Чернушка от удовольствия ворковала и кружилась еще быстрей. На помощь начальнику из спального мешка выползал Курдюков. Белка мигом перепрыгивала на прораба.
- О-ой! - раздавался новый истошный крик.
Вечером Чернушка забиралась в мою шапку и требовала, чтоб я щекотал ее, проказницу. Она вертелась, отбивалась лапками. Белка походила тогда на котенка, только не мяукала, а как-то смешно кряхтела. Потом, утомленная, крепко засыпала прямо в шапке.
А утро снова начиналось веселыми играми да забавами. И все было бы хорошо, если бы...
Как-то мы оставили ее одну в комнате. И вот что увидели, когда вернулись: Чернушка неизвестно куда затащила канцелярские резинки, обкорнала пробковую ручку у спиннинга, искромсала на мелкие кусочки цветные карандаши, не тронув почему-то один синий. Она гордо сидела среди груды карандашных огрызков и крошек. Но что с ней стало?! Она была не черная, а вся белая, точно вывалялась в муке. На полу лежала опрокинутая банка с сухими сливками.

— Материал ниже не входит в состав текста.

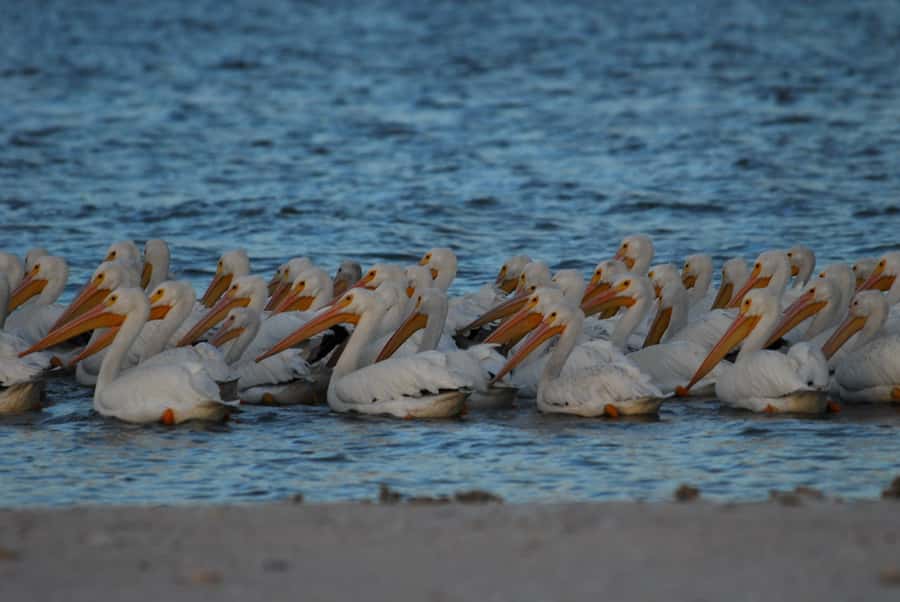 Everglades National Park: 2 hour Dolphin & Birding Boat Tour - Two hours of wildlife watching
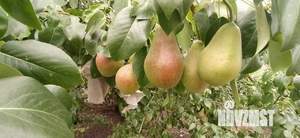 Дача 35м², 1-этажный, участок 6 сот.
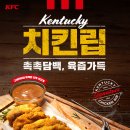 KFC세종대 티스토리
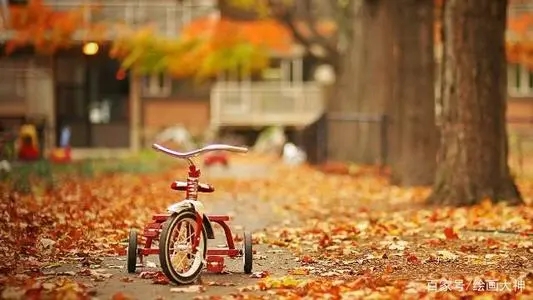 怀念从小长大生活的老家句子文案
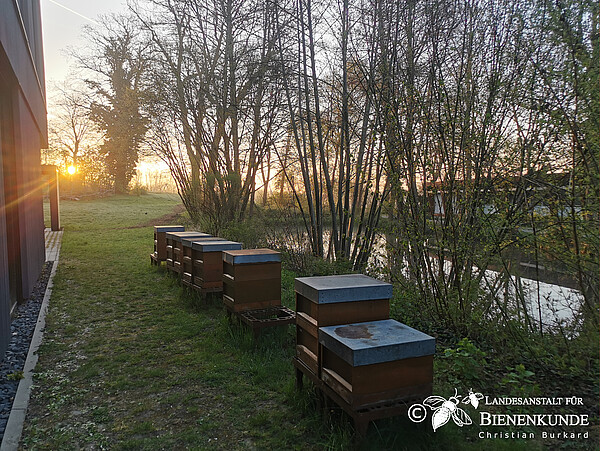 EUROBEE in Friedrichshafen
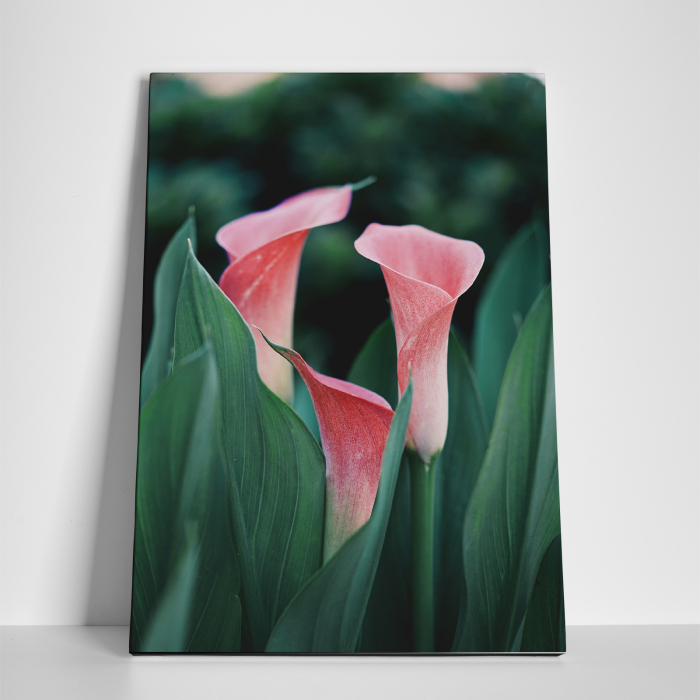 Tablou canvas natura, Buchet de flori [3]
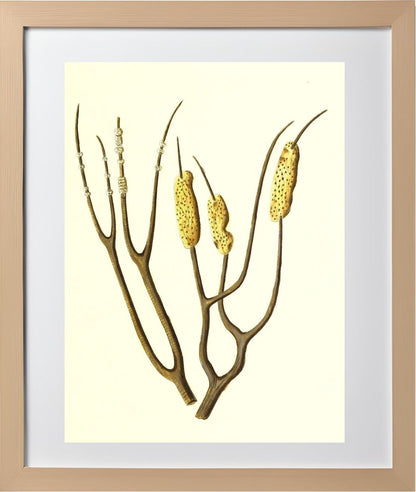 Gorgonia dichotoma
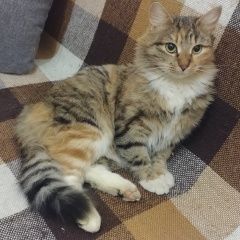 Подробнее об объявлении «Москва Найдена кошка в районе бибирево, бело серо рыжая» Фото: найдена кошка  «Москва Найдена кошка в районе бибирево, бело...» в г. Москва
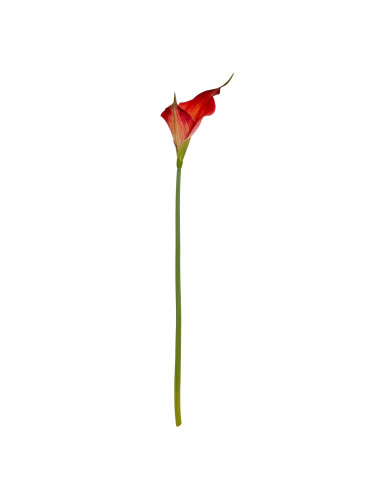High-quality metal and wood construction of Hill Interiors SKU 24407 Fireball Calla Lily, detailed view for UK customers.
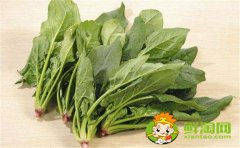 菠菜一定要吃熟的嗎，菠菜未熟吃了會怎么樣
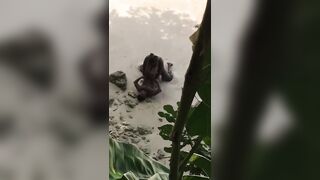 Anteprima del video: Negro filmato mentre scopa la sua donna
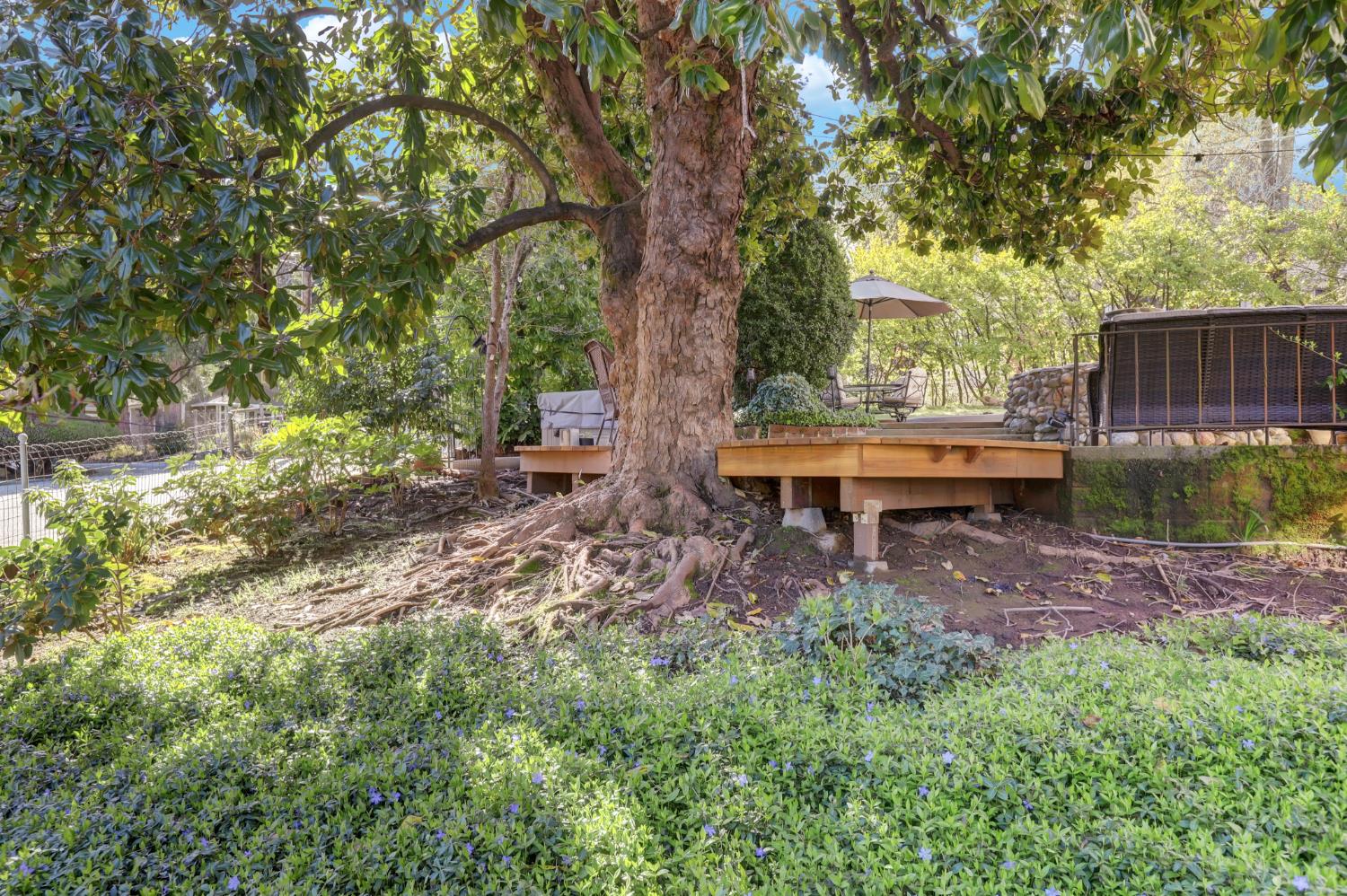 203 Prospect Street Nevada City, CA 95959 - Photo 78 of 95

- Ух ты, хищник, грызун двурезцовый! - не на шутку рассердился начальник партии, собирая уцелевшие огрызки карандашей. - Чем же мы теперь будем красить геологическую карту?
Любовь к свободе
Метеостанция располагалась на вершине холма. Кругом расстилалась необозримая осенняя тайга. Это был громадный ковер, сотканный из оранжевых лиственниц, зеленых елей, золотых берез, синих пихт, малиновых осин, сизых кедров.
Чернушка с утра до вечера металась на широком подоконнике, глядя на радужные переливы таежных красок. Она перестала играть, сделалась нелюдимкой, сварливой, на всех дерзко бросалась.
Однажды она юркнула в открытую дверь, стрелой взлетела на первую ближайшую лиственницу, перемахнула на березу. Никогда прежде я не видел ее такой прыткой, проворной и непослушной. Белку охватил какой-то безумный порыв. Я бежал за ней и звал: "Чернушка! Чернушка!" Но она точно оглохла, как будто сразу одичала. И вскоре пушистый чернявый комочек совсем затерялся в яркой осенней пестроте.
Растерянный, медленно бродил я между высокими деревьями и повторял без умолку, точно заведенный:
- Чернушка! Чернушка! Чернушка!
В ответ мне печально, надрывно кричали серые гуси, летящие стройными косяками на юг.
"Как жаль, что нет Найды! Она непременно помогла бы найти беглянку! - думал я. И ругал себя: - Ах, какой же все-таки я плохой, бездушный человек! Ну что из того, что мы вспоили, вскормили осиротевшего зверька? Неужели за это "благодеяние" я должен лишить Чернушку самого главного в жизни - свободы?! Очень даже хорошо, что нет Найды. Пускай белочка резвится в лесу, как все ее дикие подруги! Пускай живет так, как ей положено".
Грустный, вернулся я поздно вечером в избушку. Мы уже собрались тушить керосиновую лампу, как вдруг кто-то начал царапать стекло. Я выскочил на улицу, с радостью снял любимую зверюшку с деревянной рамы. Холодная, облезлая белочка забилась мне под бороду и сразу же уснула.
Утром густыми крупными хлопьями повалил снег. Оставить беззащитную Чернушку в суровой тайге я не мог. Ведь она еще не подготовилась к лютым сибирским морозам, не успела отрастить пушистую зимнюю шубку и, конечно, погибла бы.
Конкурент Дурова
И вот мы в рыбацком поселке.
К временной переносной пристани пришвартовался долгожданный старенький пароход "Спартак".
Мы разместились в небольшой каюте вчетвером: Повеликин, Волынов, Рыжов, я, ну и, конечно, Чернушка. Запыхавшись, на палубу поднялся Павел. Он торопливо раскрыл громадную корзину и, вытащив оттуда берестяные туески с затейливыми узорами, смущенно положил перед каждым из нас по штуке.